Invest your resources wisely: Doing some of the cancer screening, such as mammography or colonoscopy, on a very frail, elderly nursing home population can sometimes detract from interventions that will help residents in the near term, cautions Louise Walter, MD. Examples include "fixing vision or hearing or focusing on falls or depression," says Walter, assistant professor of medicine, geriatrics, at the University of California in San Francisco, who has published on cancer screening in elderly people.

Consider these factors in deciding whether to screen an individual resident, suggests Wayne:

•  A review of the literature to assess whether a person is a candidate for cancer screening based on his estimated life expectancy and his other health issues.

•  A discussion with the resident and his family, if appropriate, about the risks and benefits of the screening and the person's decision to proceed or not. (For more information, see the American Medical Directors Association's clinical practice guideline chart on health screening.)

If the person has a life expectancy of two to three years, screening could probably do more harm than good, advises Lodovico Balducci, program leader of the Senior Adult Oncology Program at H. Lee Moffitt Cancer and Research Center at the University of South Florida in Tampa, FL.

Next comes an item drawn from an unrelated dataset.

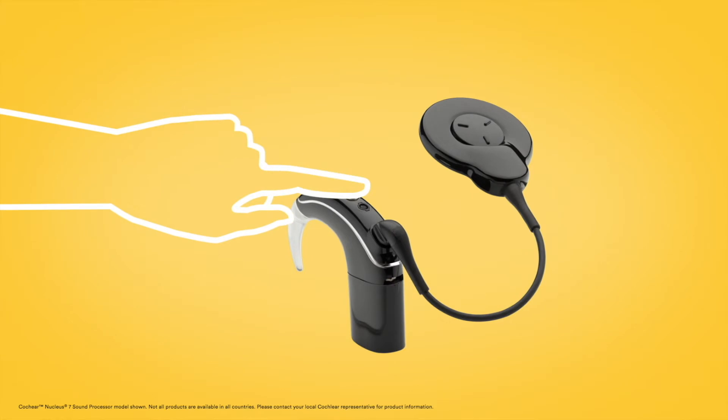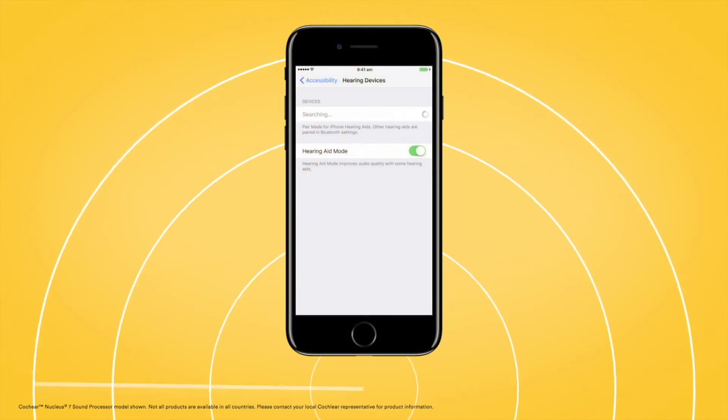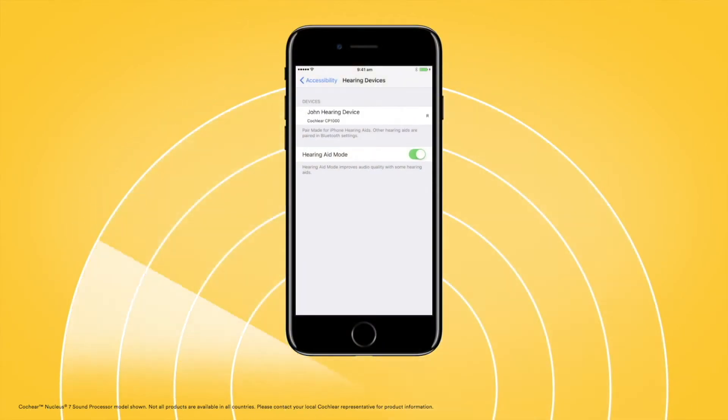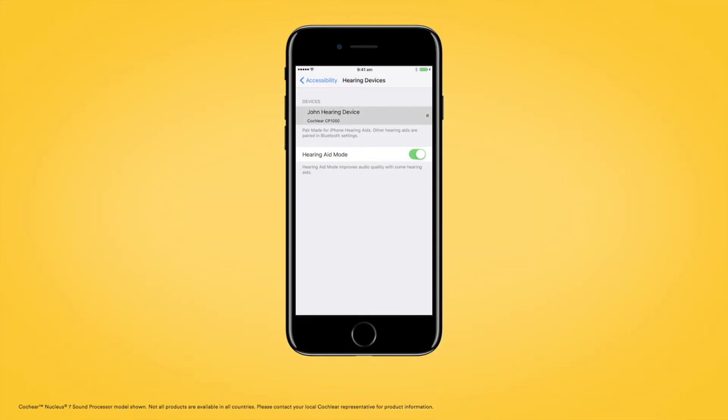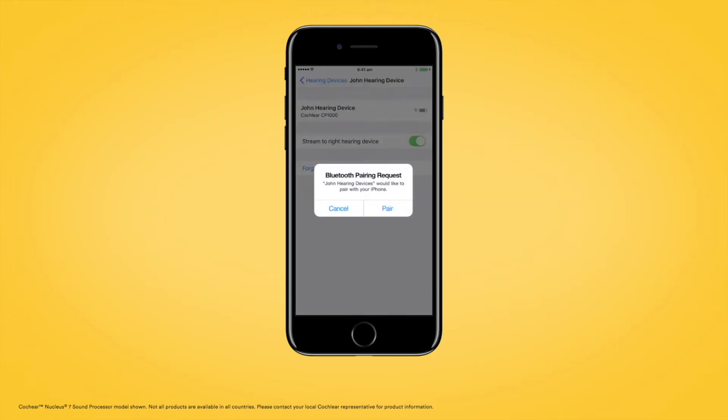Next, turn your sound processor off and back on again. Your Apple device will then search for your processor and display it in the Devices section. Select the name of your processor and tap Pair.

Do a breast exam: A breast exam can be as effective as mammography in some cases in finding cancerous lumps. "The elderly woman tends to have less fat in the breast, which means you can palpate nodules much better," explains Balducci. "The person should have a breast exam when she sees the doctor," he says. And "the nurse in the nursing home could check for nodules as part of an assessment during the bath, for example, with the patient's permission."

Step 2: If the resident does have cancer, work with the resident's oncologist or physician to find the best treatment approach.

Wayne notes that geriatric oncology programs "cropping up" around the country look at the elder cancer patient's medical problems, recommended intervention, such as chemotherapy--and how that will affect the individual. "Each malignancy is unique," he says. "But before you go down the road of providing chemo, you have to look at the potential benefits and its potential impact," he says.

Best: Look at the patient's life expectancy--and whether he will be able to tolerate the treatment, says Balducci. Also look at the resident's comorbidities, functional status and "medications in terms of potential for complications due to polypharmacy and the chemotherapy."

Watch out: Providers "can get focused on giving chemotherapy ... but then the person's congestive heart failure worsens, etc.," cautions Walter.

Thus, "if the person has a lot of other medical illnesses, he may want to pick something that's the least invasive but addresses the cancer," adds Walter (see "Help Physicians, Elderly Breast Cancer Patients, Physicians Weigh Rx Options," contained within the next article).

Key point: "The person or his decision-making surrogate should know what the treatment is going to offer the person--is it a cure, a few weeks or a few months of life?" emphasizes Walter.

If you're talking about metastatic disease, then chemotherapy or radiation is going to be palliative, providing symptom relief, Walter says.

Step 3: Emphasize the resident's right to make treatment decisions, advises Walter. "The resident/family should know they can get second opinions," she says.

Time to listen: "If the resident says, 'This is really making me sick or I don't want to do it,'" staff should pay attention, emphasizes Walter. "Providers sometimes think that treatment can only do good things and patients should at least try it, but that's not always true," she counsels. "There's no treatment that just has a beneficial effect--everything has side effects. So it's always reasonable for a patient to say, 'I don't want this ... I will take my chances,' especially if the cancer cannot be cured."